Extracted records Start Marker

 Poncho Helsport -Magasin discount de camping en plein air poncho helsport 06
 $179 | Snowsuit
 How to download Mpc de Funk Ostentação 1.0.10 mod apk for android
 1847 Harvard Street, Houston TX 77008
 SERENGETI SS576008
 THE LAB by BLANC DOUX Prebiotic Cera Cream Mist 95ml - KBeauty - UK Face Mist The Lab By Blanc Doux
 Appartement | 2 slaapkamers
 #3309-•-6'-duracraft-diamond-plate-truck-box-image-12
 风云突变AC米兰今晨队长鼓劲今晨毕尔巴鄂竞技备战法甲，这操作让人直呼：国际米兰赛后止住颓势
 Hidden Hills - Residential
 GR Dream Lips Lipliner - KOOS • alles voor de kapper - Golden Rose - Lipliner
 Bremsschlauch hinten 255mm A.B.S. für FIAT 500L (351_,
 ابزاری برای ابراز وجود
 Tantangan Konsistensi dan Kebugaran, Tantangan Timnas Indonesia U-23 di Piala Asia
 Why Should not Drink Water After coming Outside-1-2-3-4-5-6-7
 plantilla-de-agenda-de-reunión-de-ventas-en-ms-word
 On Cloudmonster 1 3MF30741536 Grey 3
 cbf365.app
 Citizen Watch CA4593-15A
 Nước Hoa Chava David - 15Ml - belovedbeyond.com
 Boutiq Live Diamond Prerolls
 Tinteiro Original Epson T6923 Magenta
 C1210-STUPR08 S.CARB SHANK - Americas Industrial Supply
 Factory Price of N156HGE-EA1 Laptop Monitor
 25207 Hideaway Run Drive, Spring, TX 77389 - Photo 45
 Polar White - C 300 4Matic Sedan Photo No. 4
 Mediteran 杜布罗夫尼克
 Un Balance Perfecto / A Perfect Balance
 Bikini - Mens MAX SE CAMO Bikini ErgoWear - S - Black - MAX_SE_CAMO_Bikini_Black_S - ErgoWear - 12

Extracted records End Marker

§ Task details: Ending with the line containing "Appartement | 2 slaapkamers", please print exactly the lines of the material above from its first line onward, and nothing else.

§ Solution for this problem:
 Poncho Helsport -Magasin discount de camping en plein air poncho helsport 06
 $179 | Snowsuit
 How to download Mpc de Funk Ostentação 1.0.10 mod apk for android
 1847 Harvard Street, Houston TX 77008
 SERENGETI SS576008
 THE LAB by BLANC DOUX Prebiotic Cera Cream Mist 95ml - KBeauty - UK Face Mist The Lab By Blanc Doux
 Appartement | 2 slaapkamers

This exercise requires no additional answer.